A senior editor for National Review, Ramesh Ponnuru, introduced Mr. Smith. In his book, “The Party of Death” Mr. Ponnuru makes no bones about which political party deserves that description. I’m not sure whether it’s wise to use such hyperbolic language about the nation’s majority political group, and yet maybe strong words are overdue in describing the culture that’s being promoted today. Abortion on demand, embryonic destruction, euthanasia, and animal rights now displace human rights. It wasn’t the GOP pulling the plug on the disabled Terry Schiavo.
My sisters are Democrats, and one refuses to vote for any Republican. They are also Catholics, and Catholics have traditionally voted Democrat. I’m still amazed by how loyal Catholics are to a political machine that champions causes directly opposed to church teaching. Although I have never been a registered Democrat, I’ve voted for and campaigned for that party because it once fought for basic human rights.

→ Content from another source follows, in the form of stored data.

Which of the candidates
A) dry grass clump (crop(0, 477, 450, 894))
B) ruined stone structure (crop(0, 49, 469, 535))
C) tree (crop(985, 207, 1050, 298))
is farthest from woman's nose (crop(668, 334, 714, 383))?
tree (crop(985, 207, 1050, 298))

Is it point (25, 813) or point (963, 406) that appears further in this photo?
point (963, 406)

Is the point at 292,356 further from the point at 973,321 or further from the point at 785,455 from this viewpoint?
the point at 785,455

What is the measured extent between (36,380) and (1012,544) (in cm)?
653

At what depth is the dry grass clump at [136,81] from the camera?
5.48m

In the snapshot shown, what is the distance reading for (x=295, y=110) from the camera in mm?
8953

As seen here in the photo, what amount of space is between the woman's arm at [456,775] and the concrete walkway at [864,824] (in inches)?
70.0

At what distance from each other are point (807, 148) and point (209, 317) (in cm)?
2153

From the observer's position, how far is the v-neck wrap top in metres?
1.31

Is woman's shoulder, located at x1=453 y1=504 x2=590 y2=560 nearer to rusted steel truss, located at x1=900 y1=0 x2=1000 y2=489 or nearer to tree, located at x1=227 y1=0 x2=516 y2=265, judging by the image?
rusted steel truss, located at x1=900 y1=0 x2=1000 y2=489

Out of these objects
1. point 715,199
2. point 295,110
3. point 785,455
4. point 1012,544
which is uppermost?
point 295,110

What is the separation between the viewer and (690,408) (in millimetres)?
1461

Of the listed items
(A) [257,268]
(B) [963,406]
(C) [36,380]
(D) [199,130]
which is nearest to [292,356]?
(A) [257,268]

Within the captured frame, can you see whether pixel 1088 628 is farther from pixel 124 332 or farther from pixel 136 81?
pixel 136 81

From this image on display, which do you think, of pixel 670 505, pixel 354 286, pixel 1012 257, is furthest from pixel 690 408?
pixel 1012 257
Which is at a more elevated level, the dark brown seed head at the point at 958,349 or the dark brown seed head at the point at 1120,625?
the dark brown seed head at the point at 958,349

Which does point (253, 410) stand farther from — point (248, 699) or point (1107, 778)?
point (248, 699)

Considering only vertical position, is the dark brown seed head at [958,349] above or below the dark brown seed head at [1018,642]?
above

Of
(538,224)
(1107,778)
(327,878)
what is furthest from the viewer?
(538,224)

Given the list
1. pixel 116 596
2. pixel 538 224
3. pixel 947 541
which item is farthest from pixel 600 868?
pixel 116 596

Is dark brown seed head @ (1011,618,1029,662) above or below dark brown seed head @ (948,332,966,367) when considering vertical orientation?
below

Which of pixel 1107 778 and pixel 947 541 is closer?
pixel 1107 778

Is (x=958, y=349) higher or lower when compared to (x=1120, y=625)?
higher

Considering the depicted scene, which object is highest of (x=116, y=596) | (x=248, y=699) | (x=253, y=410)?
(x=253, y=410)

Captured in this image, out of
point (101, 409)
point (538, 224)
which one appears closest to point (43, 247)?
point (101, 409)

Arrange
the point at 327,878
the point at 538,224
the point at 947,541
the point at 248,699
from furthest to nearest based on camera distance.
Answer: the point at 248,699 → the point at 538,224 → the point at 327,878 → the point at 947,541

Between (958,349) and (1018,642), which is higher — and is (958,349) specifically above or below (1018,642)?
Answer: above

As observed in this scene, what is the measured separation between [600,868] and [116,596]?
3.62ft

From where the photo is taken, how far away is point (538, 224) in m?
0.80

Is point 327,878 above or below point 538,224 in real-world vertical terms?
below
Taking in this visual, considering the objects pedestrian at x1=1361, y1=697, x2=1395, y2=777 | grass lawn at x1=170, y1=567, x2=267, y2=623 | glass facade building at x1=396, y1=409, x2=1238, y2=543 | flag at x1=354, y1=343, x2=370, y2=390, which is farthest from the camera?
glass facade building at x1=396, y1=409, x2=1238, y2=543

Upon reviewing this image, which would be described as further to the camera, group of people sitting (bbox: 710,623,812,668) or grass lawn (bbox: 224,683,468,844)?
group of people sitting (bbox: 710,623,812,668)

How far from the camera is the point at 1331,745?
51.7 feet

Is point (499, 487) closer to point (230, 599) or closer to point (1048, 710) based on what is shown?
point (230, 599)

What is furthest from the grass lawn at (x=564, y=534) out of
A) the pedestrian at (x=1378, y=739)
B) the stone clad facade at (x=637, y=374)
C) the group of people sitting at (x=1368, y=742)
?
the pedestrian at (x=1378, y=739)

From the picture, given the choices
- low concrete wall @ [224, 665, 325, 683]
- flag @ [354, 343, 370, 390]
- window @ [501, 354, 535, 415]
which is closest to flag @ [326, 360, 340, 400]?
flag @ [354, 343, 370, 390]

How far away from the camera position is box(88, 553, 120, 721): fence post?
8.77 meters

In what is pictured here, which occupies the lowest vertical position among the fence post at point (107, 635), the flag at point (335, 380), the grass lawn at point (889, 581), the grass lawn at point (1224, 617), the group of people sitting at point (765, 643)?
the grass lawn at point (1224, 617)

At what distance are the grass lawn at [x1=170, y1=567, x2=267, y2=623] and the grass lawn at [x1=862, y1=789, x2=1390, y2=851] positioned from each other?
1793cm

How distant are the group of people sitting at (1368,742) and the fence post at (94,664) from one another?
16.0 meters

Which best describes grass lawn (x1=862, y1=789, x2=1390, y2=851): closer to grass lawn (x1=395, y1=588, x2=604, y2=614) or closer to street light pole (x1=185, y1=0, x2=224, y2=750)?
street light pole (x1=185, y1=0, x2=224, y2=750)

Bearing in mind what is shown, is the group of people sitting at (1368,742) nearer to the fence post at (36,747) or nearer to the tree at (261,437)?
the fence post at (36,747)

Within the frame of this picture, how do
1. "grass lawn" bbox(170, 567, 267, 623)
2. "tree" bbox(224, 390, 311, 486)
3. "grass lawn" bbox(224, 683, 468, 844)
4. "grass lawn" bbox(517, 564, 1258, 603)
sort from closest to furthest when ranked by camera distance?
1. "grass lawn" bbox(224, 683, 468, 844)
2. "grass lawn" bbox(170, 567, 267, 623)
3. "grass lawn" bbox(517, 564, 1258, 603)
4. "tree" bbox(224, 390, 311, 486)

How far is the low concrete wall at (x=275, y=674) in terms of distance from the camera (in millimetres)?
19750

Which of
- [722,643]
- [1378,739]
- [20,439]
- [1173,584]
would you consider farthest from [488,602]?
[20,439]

That is no longer the case. Senator Miller, who formerly represented Georgia in the upper chamber, had it exactly right when he wrote his book, “A National Party No More: The Conscience of a Conservative Democrat.” He frequently says that he did not leave the Democratic Party. It left him.
The Human Life Foundation, based in Manhattan, publishes a review of essays and reprints of articles exploring all aspects of respecting life. A self-described Jewish atheist, Nat Hentoff, was honored by the foundation a few years ago, and he declared that respect for life is not a religious issue: It is a fundamental human rights issue that has been clouded and deliberately distorted for a left-wing political agenda. The real horror of the Terry Schiavo case, Mr. Hentoff insists, is the danger it unleashed to the rights of the disabled.
Soon after President Bush signed the ban on partial birth abortion, the Staten Island Advance ran on the front page a confession by a woman dubbed Rita who admitted to having this procedure after learning she was giving birth to a child with Down syndrome. Her real identity was kept anonymous and with good reason: Her explanation that the decision to kill a Down syndrome baby was the best thing for her family enraged many parents of such children who regard their children as blessings.
One of the altar girls at Our Lady of Good Counsel church has Down syndrome and she is also a Eucharistic minister, which means she could distribute along with priest the sacred host to communicants. Her relative youth meant that her mother had access to prenatal testing that would have disclosed her syndrome, but she either chose not to have the test or refused to abort her. She also clearly adores her daughter.
The annual fund-raiser at Blessed Sacrament Church in Staten Island is a performance of a famous Broadway play and under the brilliant direction of Edward Callahan; amateur parishioners perform like professional actors. In every show, extra parts are given to children with this syndrome who carry out their acting chores perfectly. Poor Rita doesn’t understand what she’s lost, but she’s certainly not the only one to be pitied. After Arthur Miller’s death, it was recently reported that he had a Down syndrome child, Daniel, whom Miller committed to a Connecticut institution and never acknowledged while he was alive.
What was emphasized throughout the evening and in Mr. Smith’s speech is that the elemental right to life supersedes all other rights. George Mckenna wrote an article for Human Life Review that delineates the Democrat / Catholic symbiosis and why the abortion issue now makes that connection invalid. In his essay, “Criss-Cross: Democrats, Republican, and Abortion,” Mr. Mckenna writes, “the Democratic Party and the Catholic Church have always been on the same wave length as regards social and economic rights, particularly the rights of the poor, weak, and vulnerable members of society.”
When Democrats decided in 1980 to ignore the rights of the most vulnerable humans — those still in the womb — and endorsed a license to abortion, the Reagan Democrat was born. If Catholics ever wake up to which party is really on their wave length, a new type of Democrat may emerge next year.